(AVAILABLE DATA Opens)

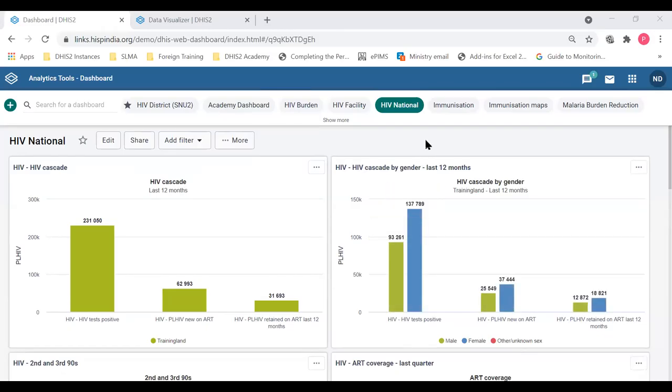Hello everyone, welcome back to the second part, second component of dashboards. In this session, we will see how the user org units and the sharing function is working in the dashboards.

(AVAILABLE DATA Closes)
(AVAILABLE DATA Opens)

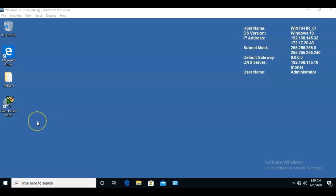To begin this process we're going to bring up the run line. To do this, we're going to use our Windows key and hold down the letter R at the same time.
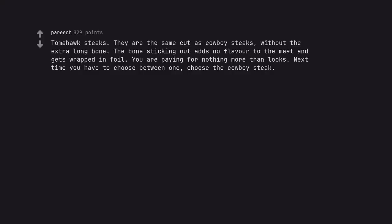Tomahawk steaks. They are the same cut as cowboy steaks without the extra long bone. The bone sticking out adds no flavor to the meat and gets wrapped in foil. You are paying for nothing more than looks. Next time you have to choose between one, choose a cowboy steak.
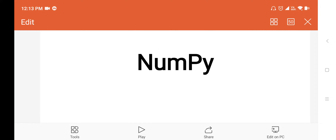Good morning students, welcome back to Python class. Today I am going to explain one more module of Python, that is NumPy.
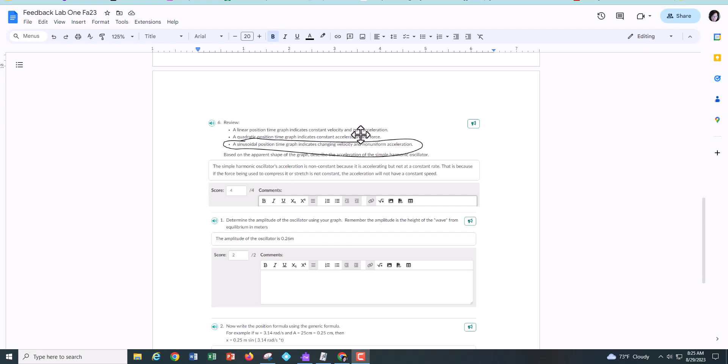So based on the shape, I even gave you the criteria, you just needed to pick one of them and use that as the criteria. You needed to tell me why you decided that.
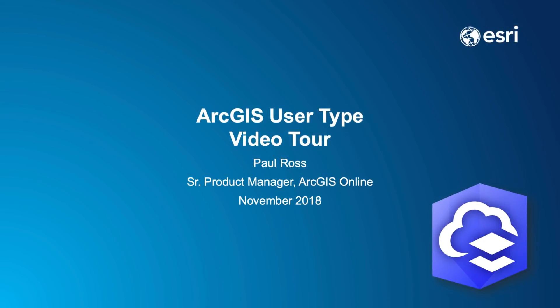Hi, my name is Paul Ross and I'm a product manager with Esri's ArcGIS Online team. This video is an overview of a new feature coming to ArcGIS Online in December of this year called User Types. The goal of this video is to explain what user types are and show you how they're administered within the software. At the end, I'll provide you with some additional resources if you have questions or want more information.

(AVAILABLE DATA Closes)
(AVAILABLE DATA Opens)

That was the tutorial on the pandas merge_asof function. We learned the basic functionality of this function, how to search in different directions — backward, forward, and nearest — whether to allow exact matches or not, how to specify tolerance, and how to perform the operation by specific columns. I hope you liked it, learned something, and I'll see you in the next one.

(AVAILABLE DATA Closes)

# TASK DESCRIPTION:
How would the lines above read from the one with "To begin this" to the one with "Hi, my name", inclusive, with no pictures? Write them out exactly.

# EXPECTED ANSWER:
To begin this process we're going to bring up the run line. To do this, we're going to use our Windows key and hold down the letter R at the same time.
Tomahawk steaks. They are the same cut as cowboy steaks without the extra long bone. The bone sticking out adds no flavor to the meat and gets wrapped in foil. You are paying for nothing more than looks. Next time you have to choose between one, choose a cowboy steak.
Good morning students, welcome back to Python class. Today I am going to explain one more module of Python, that is NumPy.
So based on the shape, I even gave you the criteria, you just needed to pick one of them and use that as the criteria. You needed to tell me why you decided that.
Hi, my name is Paul Ross and I'm a product manager with Esri's ArcGIS Online team. This video is an overview of a new feature coming to ArcGIS Online in December of this year called User Types. The goal of this video is to explain what user types are and show you how they're administered within the software. At the end, I'll provide you with some additional resources if you have questions or want more information.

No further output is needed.